| Action item |
Retype the listing exactly, minus its pictures.

| Dataset entries |
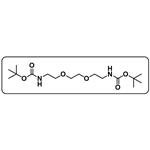 Boc-NH-PEG2-NH-Boc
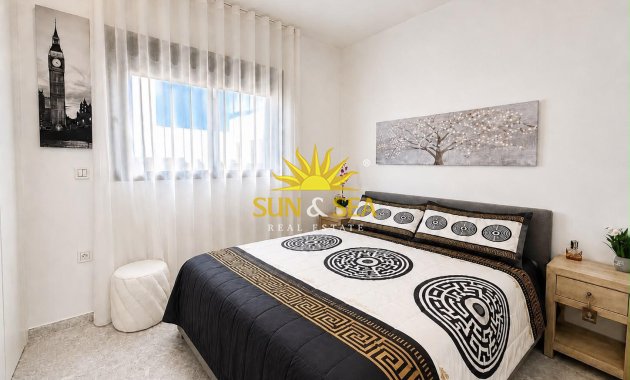 Nieuwbouw Woningen - Townhouse - Torrevieja - Los balcones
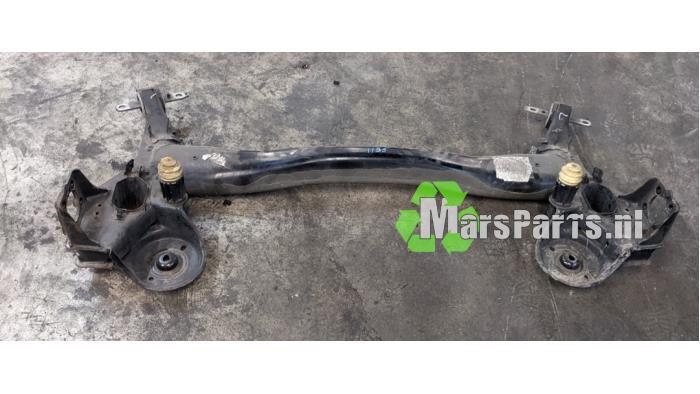 Achteras voorwielaandrijving van een Peugeot 3008, Auto-onderdelen, Remmen en Aandrijving, Peugeot, Gebruikt, 3 maanden garantie
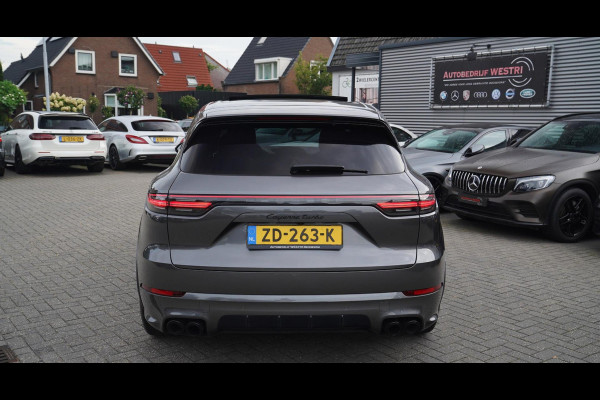 Porsche Cayenne 4.0 Turbo | Panorama | Alcantara | Carbon | Panorama | Luchtvering | Stoelverkoeling | Dealer onderhouden | HuD |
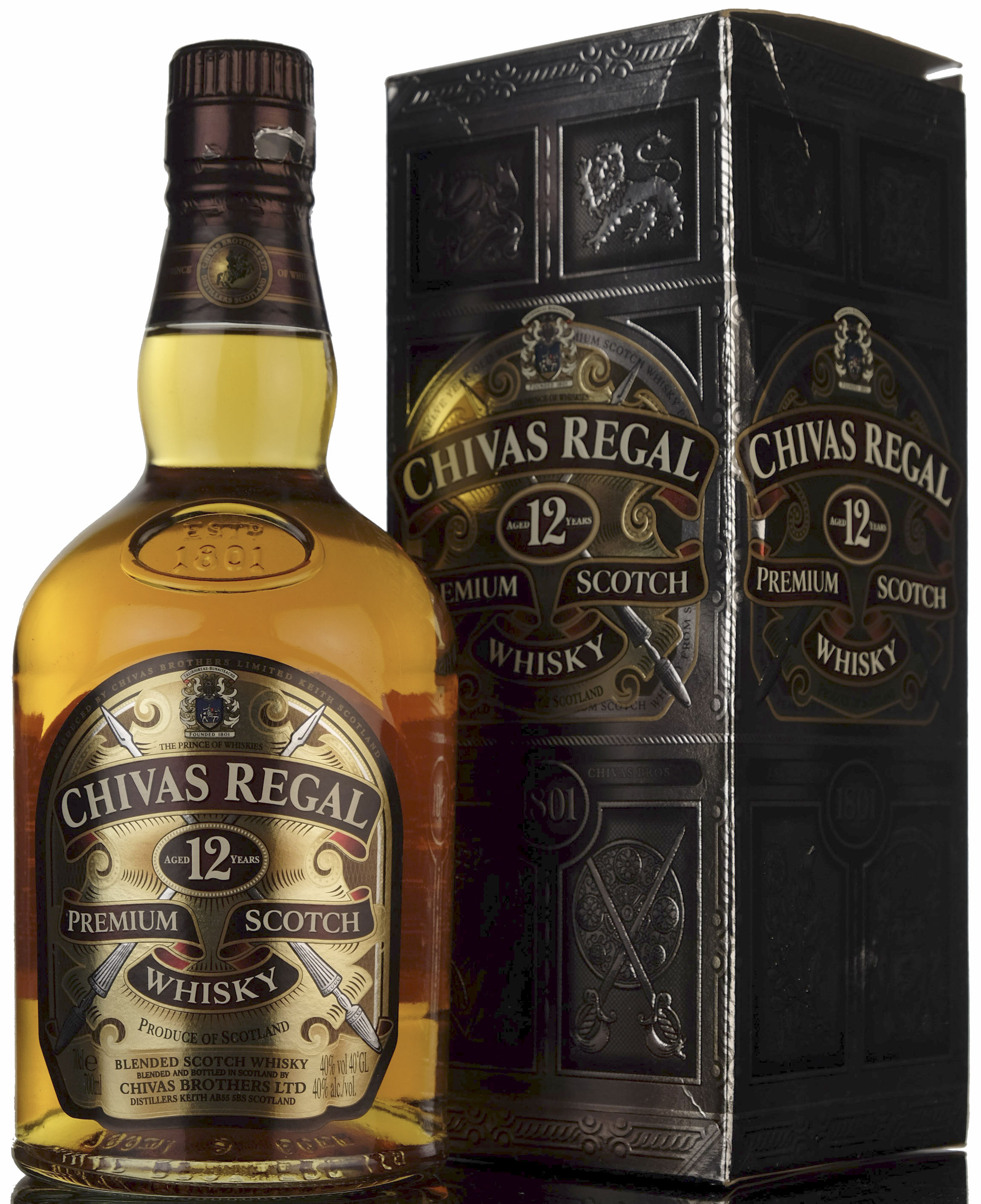 Chivas Regal 12 Year Old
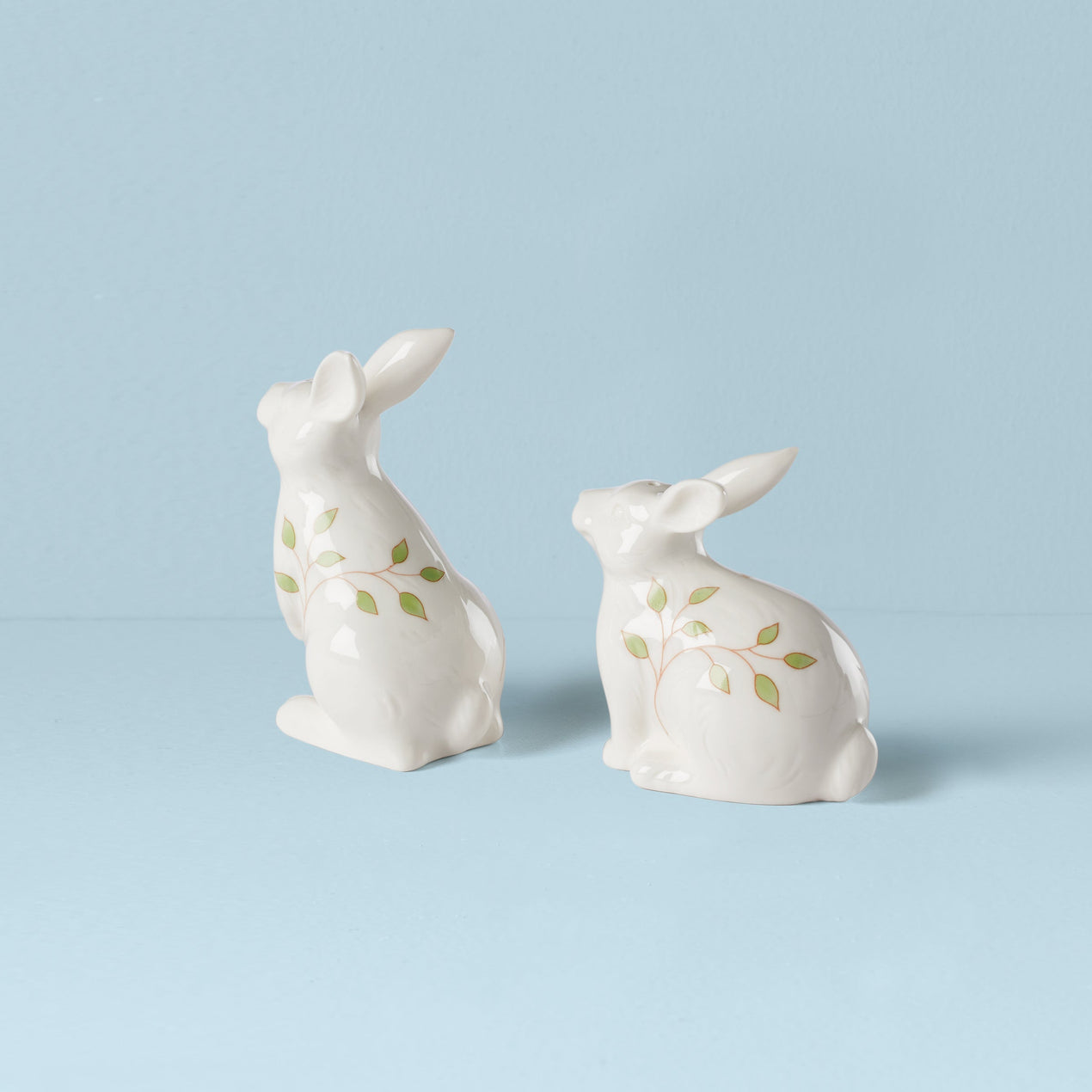 Reed & Barton Butterfly Meadow Bunny Salt & Pepper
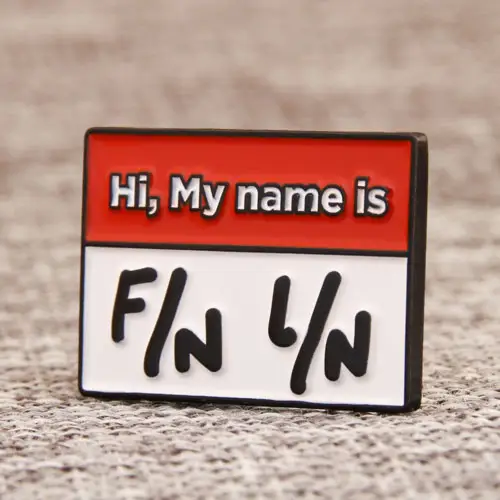 F/N L/N Lapel Pins F/N L/N Lapel Pins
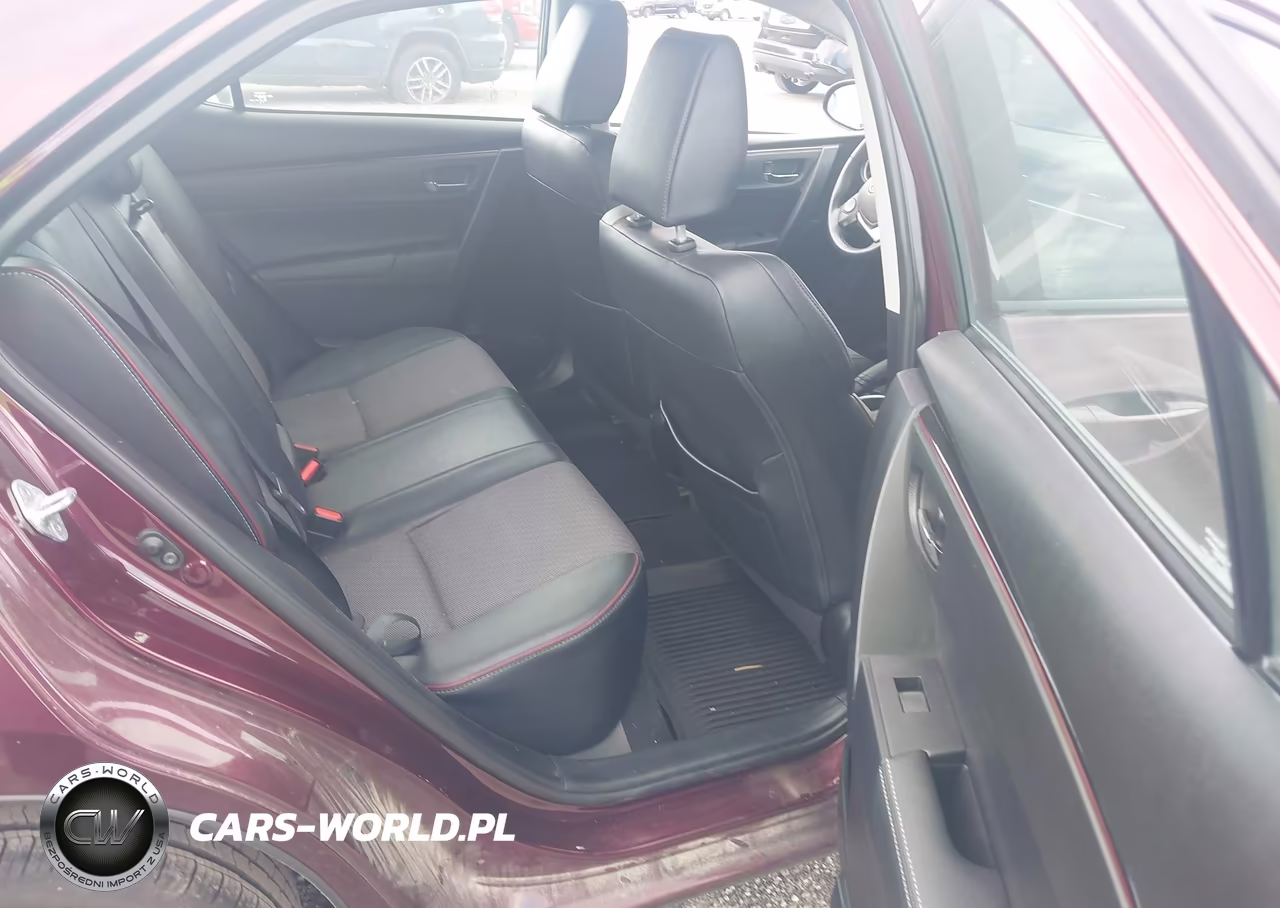 2017 Toyota Corolla Se Special Edition VIN:5YFBURHEXHP573555 - 8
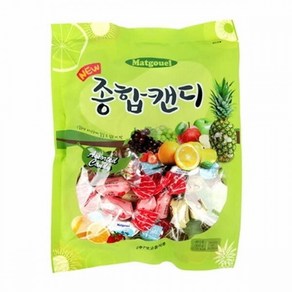 맛고을 뉴종합캔디 800g (WFFSQJI), 1개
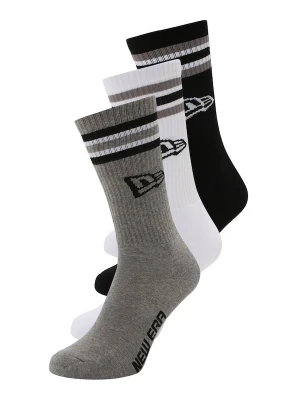 Foto van product NEW ERA Sokken grijs / zwart / wit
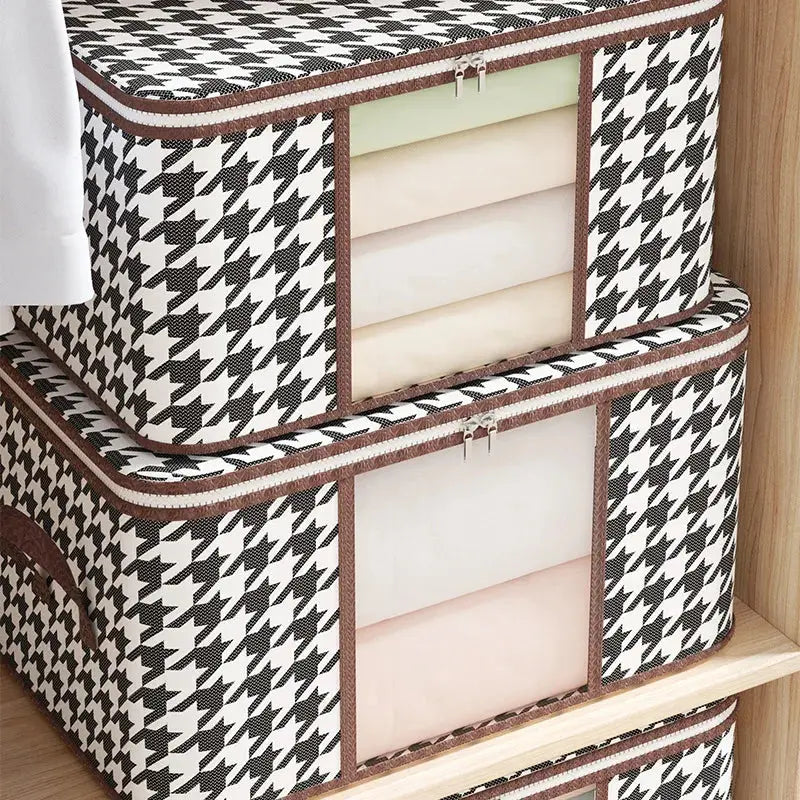 Quilt Storage Bag For Clothes And Luggage Moving Bag Large Capacity Waterproof Moisture-Proof Hommart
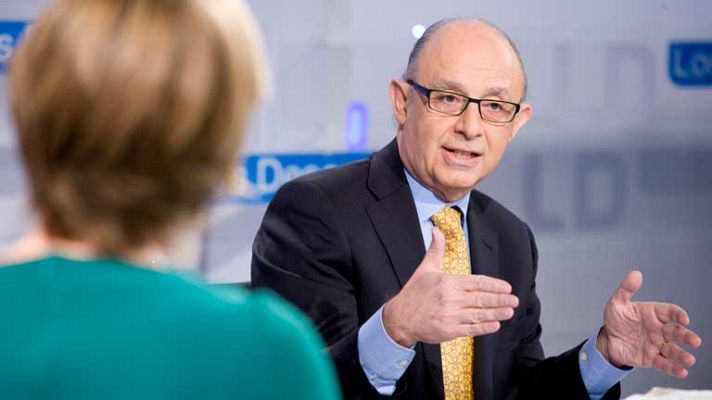 Telediario 1 - No subirán los impuestos en 2013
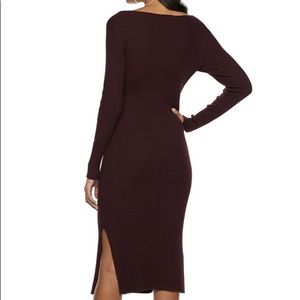 Jlo Reversible Sweater Dress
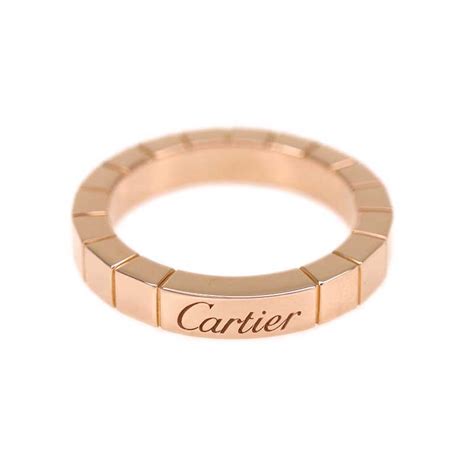 質屋かんてい局オンラインショップ Cartier【カルティエ】ラニエールリング K18pg 18金 ピンクゴールド 48 約8号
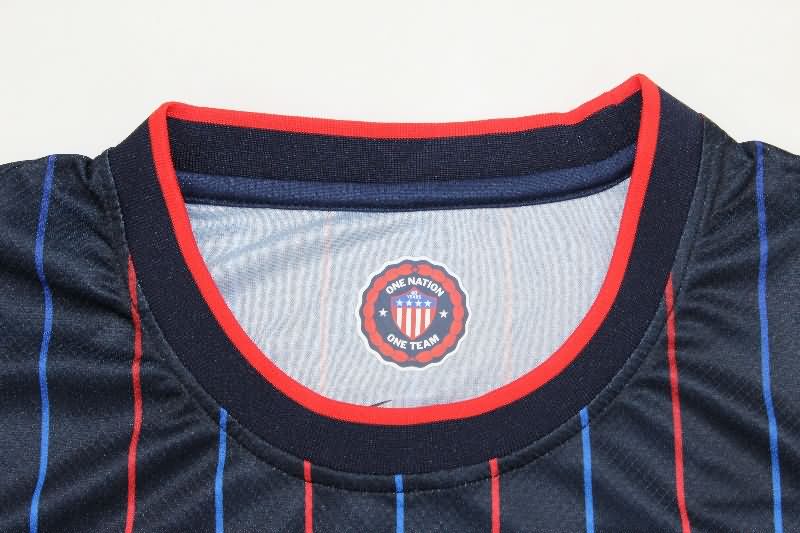 AAA Quality USA 2025 Away Soccer Jersey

| Response to the exercise |
 Boc-NH-PEG2-NH-Boc
 Nieuwbouw Woningen - Townhouse - Torrevieja - Los balcones
 Achteras voorwielaandrijving van een Peugeot 3008, Auto-onderdelen, Remmen en Aandrijving, Peugeot, Gebruikt, 3 maanden garantie
 Porsche Cayenne 4.0 Turbo | Panorama | Alcantara | Carbon | Panorama | Luchtvering | Stoelverkoeling | Dealer onderhouden | HuD |
 Chivas Regal 12 Year Old
 Reed & Barton Butterfly Meadow Bunny Salt & Pepper
 F/N L/N Lapel Pins F/N L/N Lapel Pins
 2017 Toyota Corolla Se Special Edition VIN:5YFBURHEXHP573555 - 8
 맛고을 뉴종합캔디 800g (WFFSQJI), 1개
 Foto van product NEW ERA Sokken grijs / zwart / wit
 Quilt Storage Bag For Clothes And Luggage Moving Bag Large Capacity Waterproof Moisture-Proof Hommart
 Telediario 1 - No subirán los impuestos en 2013
 Jlo Reversible Sweater Dress
 質屋かんてい局オンラインショップ Cartier【カルティエ】ラニエールリング K18pg 18金 ピンクゴールド 48 約8号
 AAA Quality USA 2025 Away Soccer Jersey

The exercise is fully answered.